**WORK REQUIRED**
Pictures excluded, reproduce exactly the lines below from the one with "This is a rare" through the one with "Detail of woven", both included.
[RECORDS — start]
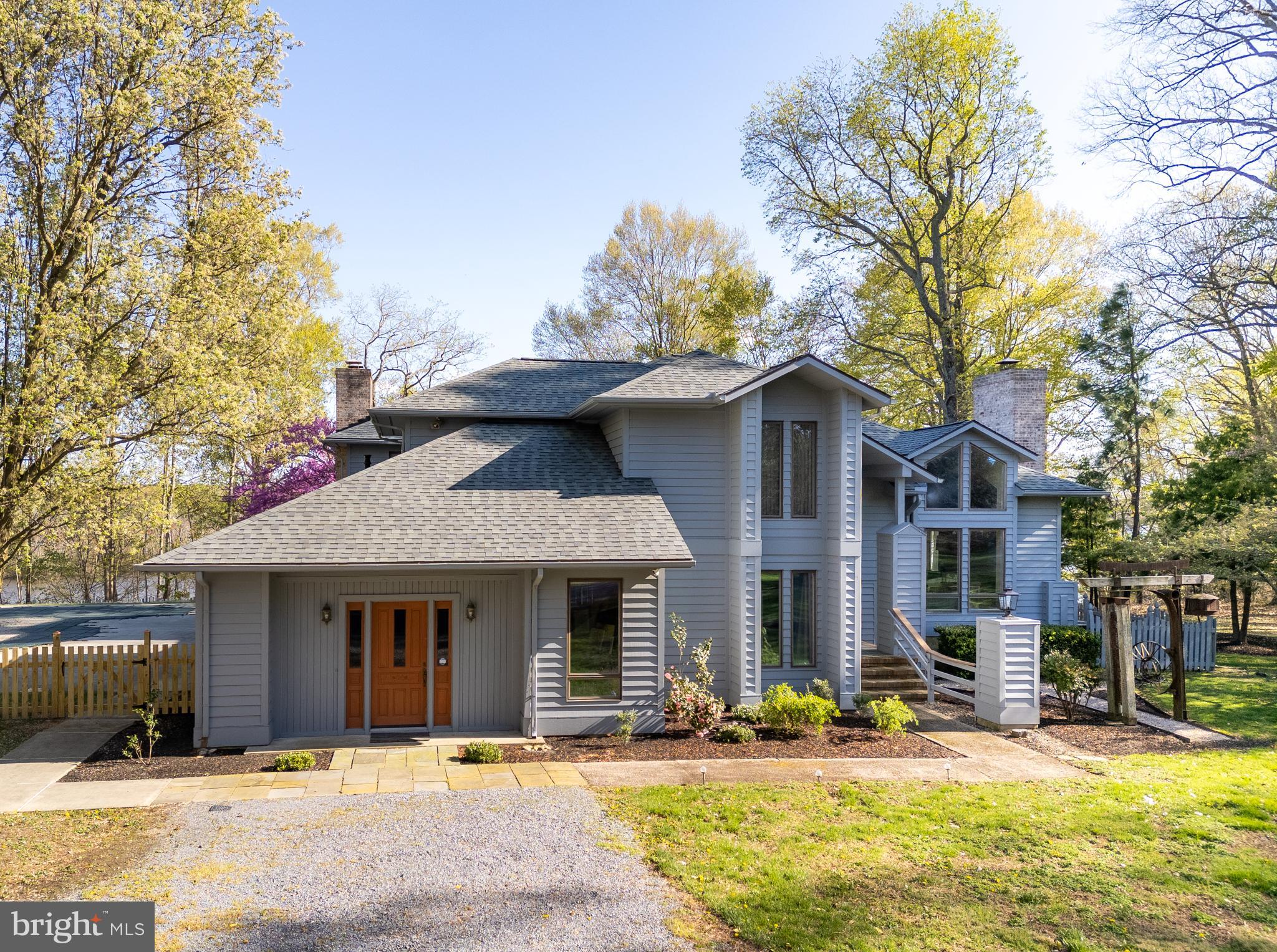 Nestled on over six acres of pristine land with direct access to the Choptank River, this contemporary waterfront estate offers the ultimate in Eastern Shore luxury living. Designed to impress, the home features four spacious bedrooms, three and a half baths, and soaring cathedral ceilings that crown a dramatic two-story living room with floor-to-ceiling windows—flooding the home with natural light and showcasing stunning views of the surrounding landscape.
Perfect for both relaxation and entertaining, the open-concept main living area flows seamlessly into the dining room and a gourmet kitchen equipped with a large center island, custom cabinetry, abundant storage, and a bright breakfast area. Four fireplaces—including one in the cozy family room—add warmth and character throughout the home. A dedicated billiard room with direct outdoor access offers a versatile space that could also serve as an art studio, media room, or more.
The expansive primary suite is a true retreat, featuring a private marble bath, separate workout and tanning rooms, and peaceful garden views. Bedroom flexibility, built-in features, and an upstairs suite with en suite bath offer options for multi-generational living or hosting guests with ease.
Outdoors, enjoy your private, fenced backyard oasis complete with a sparkling in-ground pool and a deep-water dock—ideal for boating, kayaking, or simply soaking in the tranquil beauty of the riverfront setting.
Additional amenities include a detached garage with a second-floor loft perfect for storage, studio space, or a workshop, and a separate shed for tools and equipment. Located just outside the town of Denton, you’re only minutes from charming shops, dining, and state parks, all while enjoying the privacy and serenity of a secluded waterfront lifestyle.
This is a rare opportunity to own a truly remarkable Eastern Shore property where luxury meets nature.
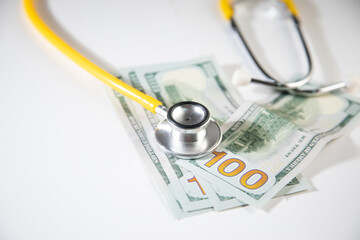 A stethoscope and money - Healthcare cost concept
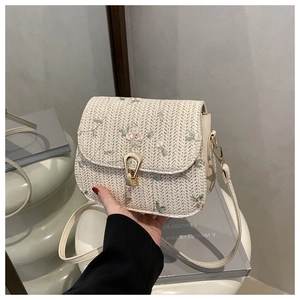 Detail of woven straw crossbody bag with floral embroidery and gold metal clasp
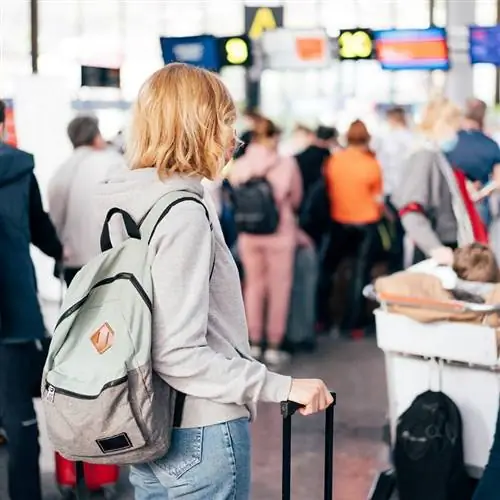 Женщина-путешественница, регистрирующаяся на рейс в аэропорту, авиаперелет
[RECORDS — finish]
**YOUR RESPONSE**
This is a rare opportunity to own a truly remarkable Eastern Shore property where luxury meets nature.
 A stethoscope and money - Healthcare cost concept
 Detail of woven straw crossbody bag with floral embroidery and gold metal clasp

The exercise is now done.